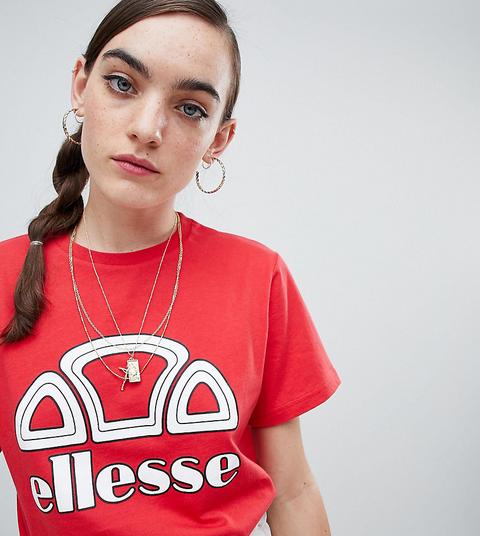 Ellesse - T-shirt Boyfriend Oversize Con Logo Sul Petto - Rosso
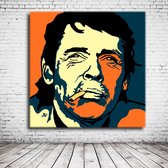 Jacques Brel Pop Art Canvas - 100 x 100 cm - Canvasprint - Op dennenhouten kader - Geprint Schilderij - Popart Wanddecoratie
==================================================
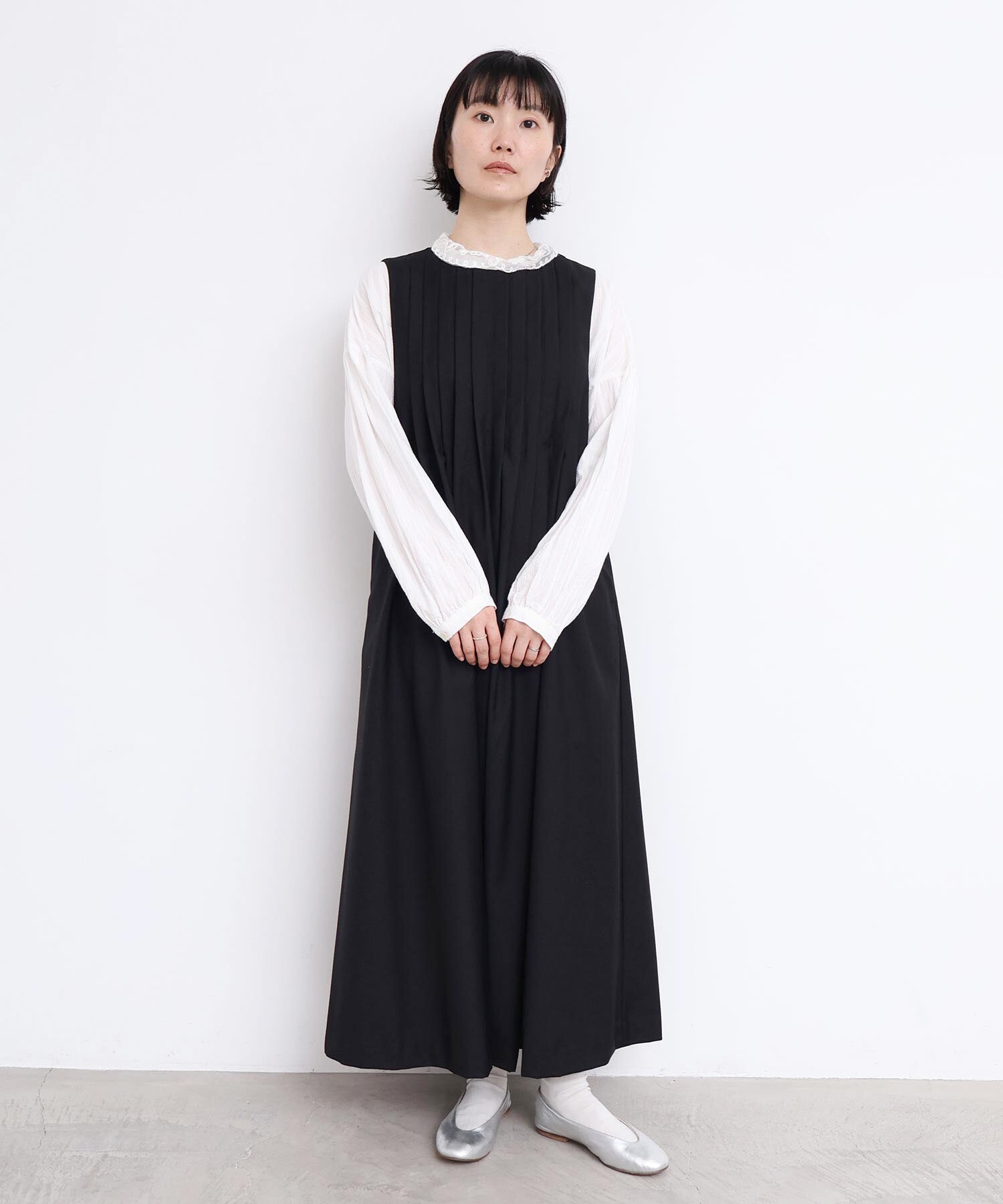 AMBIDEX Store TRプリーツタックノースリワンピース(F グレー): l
==================================================
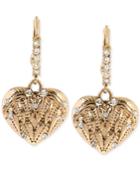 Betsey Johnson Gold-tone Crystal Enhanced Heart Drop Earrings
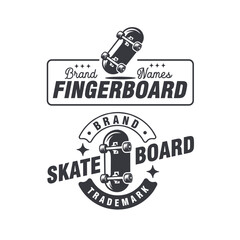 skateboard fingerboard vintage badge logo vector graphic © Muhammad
==================================================
Please copy the lines above exactly, starting at the line that holds "Ellesse - T-shirt" and ending at the line that holds "Jacques Brel Pop"; include both, but no pictures.

| Output for this exercise |
 Ellesse - T-shirt Boyfriend Oversize Con Logo Sul Petto - Rosso
 Jacques Brel Pop Art Canvas - 100 x 100 cm - Canvasprint - Op dennenhouten kader - Geprint Schilderij - Popart Wanddecoratie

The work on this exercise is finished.